In this scenario, the kernel would eventually hang, usually after a few thousand iterations

Next I compiled with CUDA 9 EA:

$ /usr/local/cuda-9.0/bin/nvcc -arch=sm_52 -o t349 t349.cu
$ cuobjdump -sass ./t349
                ...........................
        code for sm_52
                Function : _Z11crashkernelv
        .headerflags    @"EF_CUDA_SM52 EF_CUDA_PTX_SM(EF_CUDA_SM52)"
                                                                                  /* 0x001c4800fe0007f6 */
        /*0008*/                   MOV R1, c[0x0][0x20];                          /* 0x4c98078000870001 */
        /*0010*/         {         VOTE.ALL R0, PT, PT;                           /* 0x50d8e38000070000 */
        /*0018*/                   S2R R4, SR_LANEID;        }                    /* 0xf0c8000000070004 */
                                                                                  /* 0x001ffc00e6200711 */
        /*0028*/                   FLO.U32 R3, R0;                                /* 0x5c30000000070003 */
        /*0030*/                   POPC R2, R0;                                   /* 0x5c08000000070002 */
        /*0038*/                   BAR.SYNC 0x0;                                  /* 0xf0a81b8000070000 */
                                                                                  /* 0x001ffc021e200fed */
        /*0048*/                   ISETP.EQ.U32.AND P0, PT, R3, R4, PT;           /* 0x5b64038000470307 */
        /*0050*/               @P0 ATOMS.ADD RZ, [RZ], R2;                        /* 0xec0000000020ffff */
        /*0058*/                   EXIT;                                          /* 0xe30000000007000f */
                                                                                  /* 0x001f8000fc0007ff */
        /*0068*/                   BRA 0x60;                                      /* 0xe2400fffff07000f */
        /*0070*/                   NOP;                                           /* 0x50b0000000070f00 */
        /*0078*/                   NOP;                                           /* 0x50b0000000070f00 */
                ...........................
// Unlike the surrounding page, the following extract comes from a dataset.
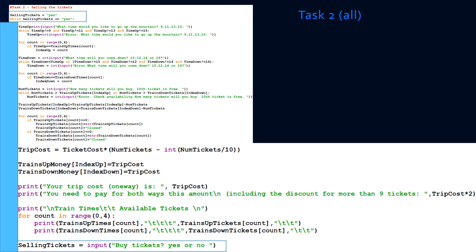We've already incorporated the discount for every 10 tickets. This is the end of task 2, where we simply display the train's screen display. The last thing before we close off task 2, we have to ask the user: are we going to buy more tickets? Yes or no. If they say yes, this entire while loop will repeat again. If they don't say yes, then we stop task 2 and go to task 3.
In this scenario, after many test runs, the code would always complete 10000 iterations.

A few other notes:

If I compile with CUDA 7.5, but force a JIT operation:

$ /usr/local/cuda-9.0/bin/nvcc -arch=sm_30 -o t349 t349.cu

Then this always completes successfully, since I have 384.27 driver on this machine (the CUDA 9 EA driver).

Likewise, if I compile in any scenario with -G, the code always completes successfully.

So you can file a bug if you want, but the typical behavior is to check if it is fixed in a newer driver/CUDA toolkit. In this case it appears to be, and CUDA 9 release should occur over the next several months.

You’re welcome to look for a newer driver with a fix, if you want to, but this will require that you compile with PTX that will force a JIT compile on your GPU.

And if you have access to CUDA 9 EA, I would suggest testing with that.

All of the tests in this post were on Fedora 20, GTX 960, driver 384.27

Finally, I have only done testing on linux, so it’s possible that your windows behavior/observations may be different.

Thank you.

Could you explain why hang the kernel in the first scenario? And why crash the whole system?

can’t explain either at the moment. The first one I suspect is due to some instruction sequencing issue. The second one may be a result of whatever hang condition this causes not recovering well from the TDR mechanism.

Just speculation.

I don’t even know if what I’m discussing here has any connection to your windows observations. Just speculation.